Gentoo Websites Logo
Go to: Gentoo Home Documentation Forums Lists Bugs Planet Store Wiki Get Gentoo!
Bug 398465 - request for repositories.xml server log data
Summary: request for repositories.xml server log data
Status: RESOLVED FIXED
Alias: None
Product: Gentoo Infrastructure
Classification: Unclassified
Component: Other (show other bugs)
Hardware: All Linux
: Normal normal (vote)
Assignee: Gentoo Infrastructure
URL:
Whiteboard:
Keywords:
Depends on:
Blocks:
 
Reported: 2012-01-11 03:19 UTC by Brian Dolbec
Modified: 2012-01-11 07:42 UTC (History)
0 users

See Also:
Package list:
Runtime testing required: ---


Attachments

Note You need to log in before you can comment on or make changes to this bug.
Description Brian Dolbec (RETIRED) gentoo-dev 2012-01-11 03:19:22 UTC
In the layman-2.0 api changes I made.  I added 'If-Modified-Since' &
'User-Agent'  headers to the http request sent to the gentoo server.
The url is:
 http://www.gentoo.org/proj/en/overlays/repositories.xml

I would very much like to get some log data to see how many of the
requests made were from layman-2.* and how many times the
'If-Modified-Since' header saved bandwidth by returning the 304
HTTPError. 

 For reference, the layman versions prior to 2.0* did not
send any header data with the request.

My intent is to get an idea of percentage of requests using the testing
_rc*/-9999 versions as compared to the total as well as the general
bandwidth savings that my changes are bringing about for the 2.0*
requests.  I also wouldn't mind knowing how many requests are made in total for a given time period.

For reference, the first rc release in the tree was:

*layman-2.0.0_rc1-r1 (17 Jul 2011)

with -9999 having started a little before that.

Would it be possible to get log data (or results) starting from July, 2011 to end of Dec. 2011.  I don't know what is convenient or easily doable, please use your judgement.  If just December 2011 due to large volumes of data, that would be fine too.  It will give me an idea of how my changes are working/helping.


If there are any other changes I can make to help reduce the load on gentoo's server's, please voice them.  I'll see what I can do to improve things.

Thank you
-- 
Brian Dolbec <dolsen@gentoo.org>


Reproducible: Always
Comment 1 Alec Warner (RETIRED) archtester gentoo-dev Security 2012-01-11 06:56:10 UTC
Digging by month, http_code, count
Jul 200 548241
Jul 304 36867
Aug 200 582149
Aug 304 71817
Sep 200 585667
Sep 304 81864
Oct 200 653376
Oct 304 351349
Nov 200 639034
Nov 304 795785
Dec 200 622275
Dec 304 826015

Now the real oddity is that we don't see a reduction in 200's like I'd expect from the roll-out of the header.
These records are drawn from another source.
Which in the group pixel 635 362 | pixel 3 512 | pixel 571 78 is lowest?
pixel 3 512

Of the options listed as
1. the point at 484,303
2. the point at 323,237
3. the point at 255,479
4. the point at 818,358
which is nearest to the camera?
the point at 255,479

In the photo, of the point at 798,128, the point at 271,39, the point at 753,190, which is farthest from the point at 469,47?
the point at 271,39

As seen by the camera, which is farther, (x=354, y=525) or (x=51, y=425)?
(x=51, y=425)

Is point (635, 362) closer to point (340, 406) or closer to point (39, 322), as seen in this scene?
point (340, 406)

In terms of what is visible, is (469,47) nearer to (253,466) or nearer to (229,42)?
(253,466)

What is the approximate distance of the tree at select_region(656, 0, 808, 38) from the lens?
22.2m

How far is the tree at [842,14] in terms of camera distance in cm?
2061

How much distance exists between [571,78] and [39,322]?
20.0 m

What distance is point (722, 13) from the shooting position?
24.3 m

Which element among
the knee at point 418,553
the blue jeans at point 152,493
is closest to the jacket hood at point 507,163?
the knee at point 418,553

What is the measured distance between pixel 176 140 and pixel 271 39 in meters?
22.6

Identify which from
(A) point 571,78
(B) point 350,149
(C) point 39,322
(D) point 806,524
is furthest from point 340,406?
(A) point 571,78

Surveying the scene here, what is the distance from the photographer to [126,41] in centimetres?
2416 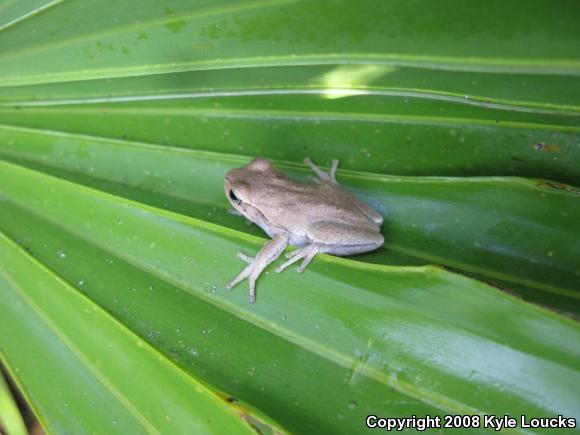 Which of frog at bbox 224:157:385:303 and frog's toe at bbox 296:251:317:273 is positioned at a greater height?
frog at bbox 224:157:385:303

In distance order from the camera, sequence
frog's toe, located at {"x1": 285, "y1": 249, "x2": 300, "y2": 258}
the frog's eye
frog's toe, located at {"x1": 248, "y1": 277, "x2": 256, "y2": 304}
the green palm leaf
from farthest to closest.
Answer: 1. the frog's eye
2. frog's toe, located at {"x1": 285, "y1": 249, "x2": 300, "y2": 258}
3. frog's toe, located at {"x1": 248, "y1": 277, "x2": 256, "y2": 304}
4. the green palm leaf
Lets see if we actually save any bandwidth.

month, bytes
Jul 102801938102
Aug 112226131167
Sep 114863415973
Oct 129538081241
Nov 129602584351
Dec 128053145082

I will do a more complete analysis of traffic in another post. My guess is that there are just more folks using the old client and they fetch more often which drowns out the git-using folks.

UA's by month.
Jul "Layman-2.0.0_rc1" 31578
Jul "Layman-2.0-git" 8322
Aug "Layman-2.0.0_rc1" 45005
Aug "Layman-2.0.0-git" 2593
Aug "Layman-2.0-git" 1850
Aug "Layman-2.0.0_rc2" 42129
Sep "Layman-2.0.0_rc1" 12926
Sep "Layman-2.0.0-git" 4886
Sep "Layman-2.0.0_rc3" 28124
Sep "Layman-2.0-git" 1520
Sep "Layman-2.0.0_rc2" 49786
Oct "Layman-2.0.0_rc1" 11686
Oct "Layman-2.0.0-git" 4752
Oct "Layman-2.0.0_rc3" 350227
Oct "Layman-2.0-git" 1534
Oct "Layman-2.0.0_rc2" 3472
Nov "Layman-2.0.0_rc1" 8506
Nov "Layman-2.0.0-git" 5612
Nov "Layman-2.0.0_rc3" 807441
Nov "Layman-2.0-git" 1462
Nov "Layman-2.0.0_rc2" 1337
Dec "Layman-2.0.0_rc1" 3910
Dec "Layman-2.0.0-git" 8669
Dec "Layman-2.0.0_rc3" 823422
Dec "Layman-2.0-git" 1222
Dec "Layman-2.0.0_rc2" 899

Unique IPs by month
Jul 40949
Aug 41291
Sep 39856
Oct 42943
Nov 41369
Dec 40160
Comment 2 Alec Warner (RETIRED) archtester gentoo-dev Security 2012-01-11 07:42:05 UTC
One idea might be bots. They don't obey the rules because they are not smart enough to send the header. Sadly bots account for very little traffic to this particular URL (200 queries over 6 months). We can expand the search and look for non-layman-like UAs. That gives us 2500 queries over six months. Nothing substantial.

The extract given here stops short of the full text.